Nicola: Shut it, wee Mhairi, and go for a long roam.
Tracey
Breaks the News (not
sure which episode, but definitely 2017)1
At the end of the day, I suppose what
it comes down to is that I believe in the democratic nation-state as a thing. As
I’ve phrased it before, I believe that a people-group with a shared history and
culture ought to be allowed to inhabit a defined chunk of land and govern
itself.2 The thing I hadn’t properly twigged until more recently was
that there are a heck of a lot of people out there who don’t believe in
the democratic nation-state as a thing. Once I twigged that, Remainerism
started to make an awful lot more sense.
Much as I don’t usually talk about
politics, I once had a conversation with my next-door neighbours which lingered
on the matter of Brexit for a little too long for me to get away with chuckling
vaguely and making noncomittal comments and leaving them none the wiser. I
admitted which box I’d put my cross in in 2016, at which point I turned into
some sort of fascinating exotic specimen to be examined: a young, city-dwelling,
highly-educated Brexiteer, who knew such a thing existed? They asked me some questions
and, among other things, I told them that I’m in favour of the local
concentration of power more generally; it just makes sense to me to put most decision-making
on the lowest level of the hierarchy it can feasibly go on, because that way it’ll
be better tailored to the needs and circumstances of the small and specific
groups of people involved. And that’s one reason why I think it’s daft to put a
pan-European government in charge of matters that Britain is perfectly capable
of dealing with by herself. My neighbour was unconvinced. By my logic, he
suggested, if Brussels has no right to rule over Exeter, then why should, for
instance, London have any right to rule over Sheffield?

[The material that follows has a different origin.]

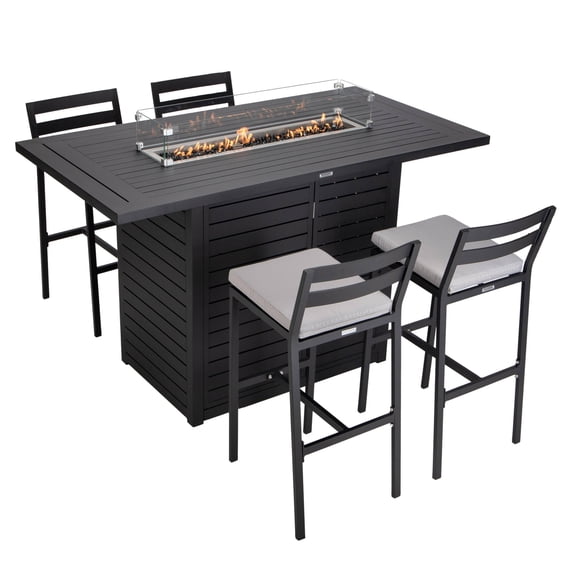 LeisureMod 5-Piece Patio Dining Bar Set Aluminum Rectangular Fire Pit Table with Tank Holder and 4 Barstool with Removable Cushions for Modern Home, Backyard, Garden Chelsea Collection in Light Grey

I didn’t actually manage to make any
good response to that one – did I ever mention that I hate debates? – and it
wasn’t until later that I realised why not. I’d been approaching the discussion
all wrong. I’d been assuming that it was a given that Britain was a thing,
as it were; that the British people was a distinct society, with meaningful
stuff in common, beyond mere happenstance of birth; that we were a nation
and had a national identity. Naïve as it may have been, I sort of thought
everyone agreed on that, and so when my neighbour made a response that
demonstrated that he didn’t, I floundered. It was only later that the pieces
fell into place: in my neighbour’s mind, Britain doesn’t have – or didn’t ought
to have – any distinctive identity or status of nationhood at all. And,
presumably, neither does, say, Belgium, or Brazil, or Belize or Bahrain or
Botswana or Barbados. If Brussels governing Exeter is arguably just as valid as
London governing Sheffield, then nationhood doesn’t mean anything at all.

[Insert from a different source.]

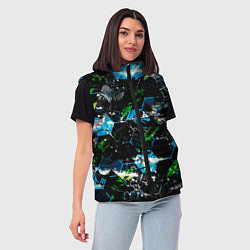 Женский жилет Футбол паттерны, цвет: 3D-черный — фото 2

Except it does. That bit of a
Tracey Ullman sketch I quoted above hits the nail on the head. If nation didn’t
matter, then parties like the SNP wouldn’t exist. If nation didn’t matter, then
there’d be nobody kicking up any sort of a fuss in Catalonia right now. Heck,
if nation didn’t matter, we’d still have the Empire. I mean, if there’s no
problem with Brussels exercising governmental powers over Exeter, then what’s
the problem with London exercising governmental powers over Belize or Bahrain
or Botswana or Barbados? Except that latter one jars, doesn’t it; that latter
one feels wrong. In that context more than the other, it feels wrong for a
people-group with a shared history and culture to be denied the right to
inhabit a defined chunk of land and govern itself according to the will of its
own people.
Matters of nationhood can get messy,
of course, as the cases of Scotland and Catalonia prove; some members of the
nation conceive of it as being part of a larger nation, others conceive of it
as being an independent nation in its own right. And when things are messy like
that, you put the question to the people and implement their verdict. That’s
what happened with Scotland in the 2014 referendum; what will happen with
Catalonia remains to be seen. I remember GCSE History classes in which we
looked at the use of plebiscites to decide where to draw certain borders in
Europe during the early twentieth century, and I remember thinking at the time,
what an eminently sensible idea. Ask the people concerned whom they trust to
govern them.
The case of the 2016 referendum on
Britain’s EU membership isn’t completely analogous to plebiscites of that sort,
because the European Union isn’t a nation, but a supranational government.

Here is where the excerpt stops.